Bitcoin Crash: What Happened and What Does It Mean For the Future?


A major correction in Bitcoin prices occurred this week, with the price plummeting from a high of $266 to a low of $105, last time I looked, it was back above $170 and climbing. In this article, I would like to discuss why this occurred and what it means for the currency system.

First off, I want to reiterate that the currency itself has not been compromised or damaged in anyway. The Bitcoin network continues to hum along just fine. The reason being given for the sharp drop in price is a massive influx of new subscribers to the largest Bitcoin exchange. Mt. Gox states, "Indeed the rather astonishing amount of new accounts opened in the last few days, added to the existing ones, plus the number of trades made a huge impact on the overall system that started to lag. As expected in such a situation, people started to panic, started to sell Bitcoin in mass (Panic Sale), resulting in an increase of trade that ultimately froze the trade engine!"
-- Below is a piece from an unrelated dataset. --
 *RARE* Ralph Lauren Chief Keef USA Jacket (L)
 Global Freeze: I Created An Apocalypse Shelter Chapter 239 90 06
Some critics would say that these wild swings in price make Bitcoin a poor currency choice. I want to offer a rather simple counter argument to this. Prior to the 1933, the dollar represented a set weight of gold. When America operated under a gold standard, inflation over time was virtually zero. In terms of gold, purchasing power increased dramatically all the way up until the creation of the Federal Reserve. During that same time period, the value of gold fluctuated wildly in much the same way Bitcoin is doing today, yet the economy kept on chugging along just fine. Consider that under a gold standard, the price of gold is fixed. It cannot fluctuate against the dollar, because the dollar represents a weight, not a price. However, if we represent the price of gold in 1998 dollars, you'll be able to see the historical trends quite clearly. Gold is extremely stable in value over the long term, even if it might swing wildly in value during the short term. The market has proven itself to be quite capable of dealing with these large swings in a currency's value.
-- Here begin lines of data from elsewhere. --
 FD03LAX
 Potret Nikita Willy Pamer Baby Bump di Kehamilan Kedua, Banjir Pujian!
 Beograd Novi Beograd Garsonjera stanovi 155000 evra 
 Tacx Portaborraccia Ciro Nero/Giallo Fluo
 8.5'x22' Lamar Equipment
There were some banking panics that took place prior to 1933 (much like the Bitcoin exchange panics we see today), but the only times America experienced a major depression under the gold standard were the periods when the central bank monkeyed with the money supply (something that wouldn't be possible under a 100% reserve privately run gold standard). This is a key argument against centrally planned fiat money systems. Austrian economists directly relate inflation of the money supply to the business cycle. Ultimately, inflation is a form of theft, as it is directly responsible for stealing earned wealth from existing savings and transferring that wealth to those who get the new money first. The redistribution of wealth that results from counterfeiting (inflation) causes huge changes in the structure of production, along with a tremendous waste of real physical resources.
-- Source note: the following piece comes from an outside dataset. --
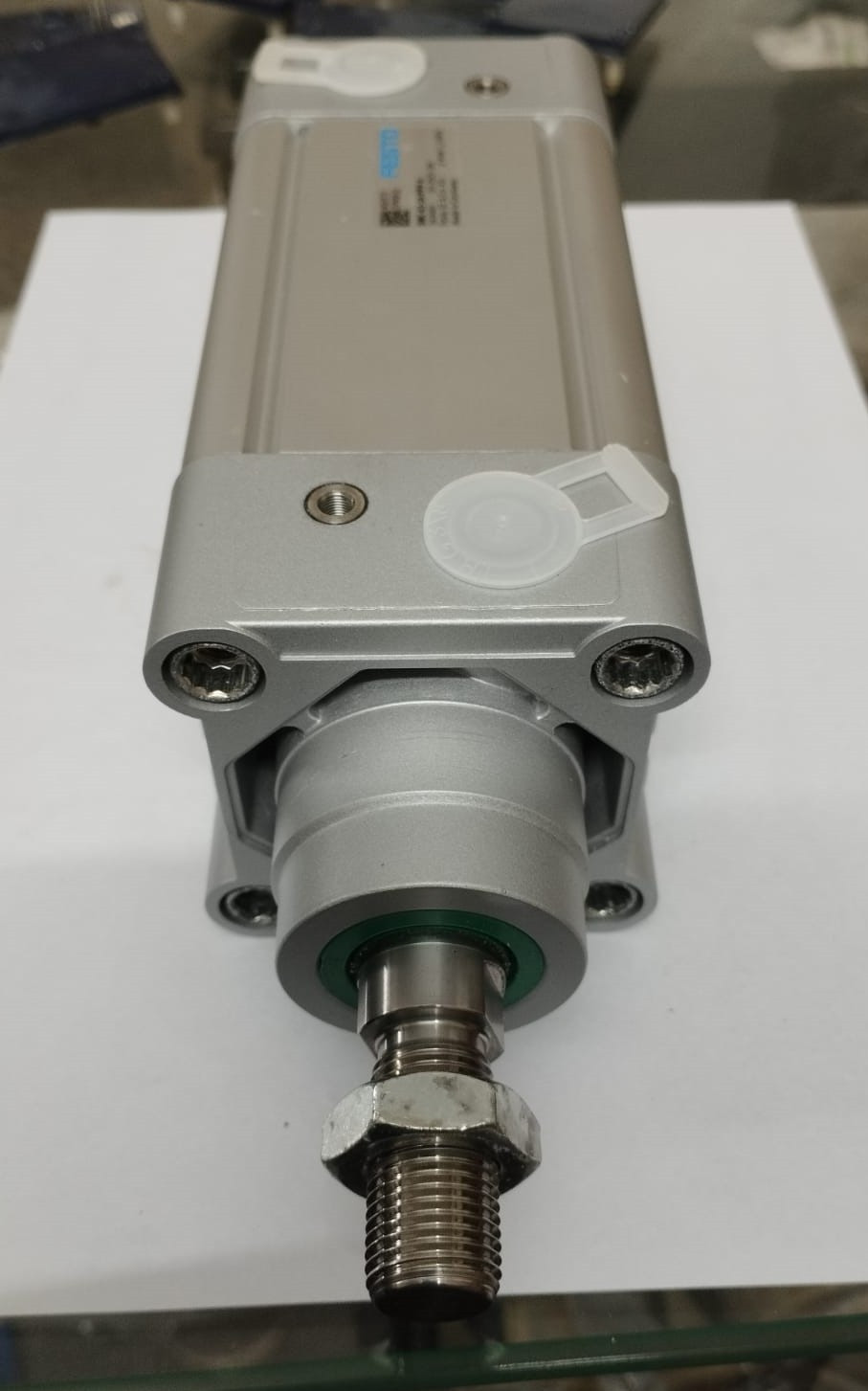 Festo Standard Pneumatic Cylinder DNC-63-50-PPV-A, 163403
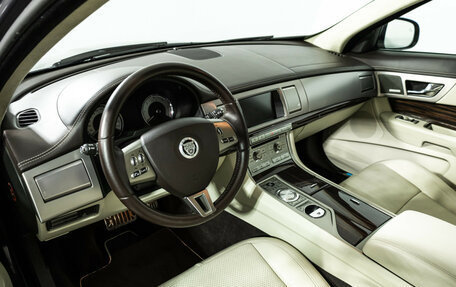 Jaguar XF I рестайлинг, 2009 год, 1 099 700 рублей, 12 фотография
Bitcoin essentially operates exactly like a gold standard, only without the gold. Under a gold standard, gold basically sits in bank vaults unused. It is merely used as an accounting unit by banks to ensure that they aren't magically creating money out of thin air. With Bitcoin, the cryptography ensures that the accounting ledger entries are not tampered with, making an audit of a bank's gold holdings unnecessary. If you understand the economics of how a gold standard works, you will understand the economics of how a Bitcoin monetary system works. For those of you who are interested, I recommend reading Rothbard's, America's Great Depression along with, The Case Against the Fed in order to get a better picture of just how destructive our centrally planned banking system has been to the American economy.

Other common objections to Bitcoins are that they are deflationary, which leads to so-called "hoarding" that prevents full employment, worsens the position of debtors and creates downward pressure on wages. You can find answers to all of those objections in this article. I've also seen objections to Bitcoin by gold standard advocates who claim that digital account balances are inherently worthless. Obviously they aren't, otherwise our modern banking system wouldn't be functional today. I address the gold standard advocates in this article.

In conclusion, Bitcoin investors who are in it for the long haul have nothing to fear from these wild price fluctuations. Over time, the exchanges will become more robust and distributed, Bitcoin point of sale systems will become more widespread, prices will stabilize, and merchant acceptance will continue to expand at its present geometric rates. The Bitcoin monetary system offers us international digital currency transactions that are outside the control of sociopathic bankers and politicians. As such, it's not going away anytime soon.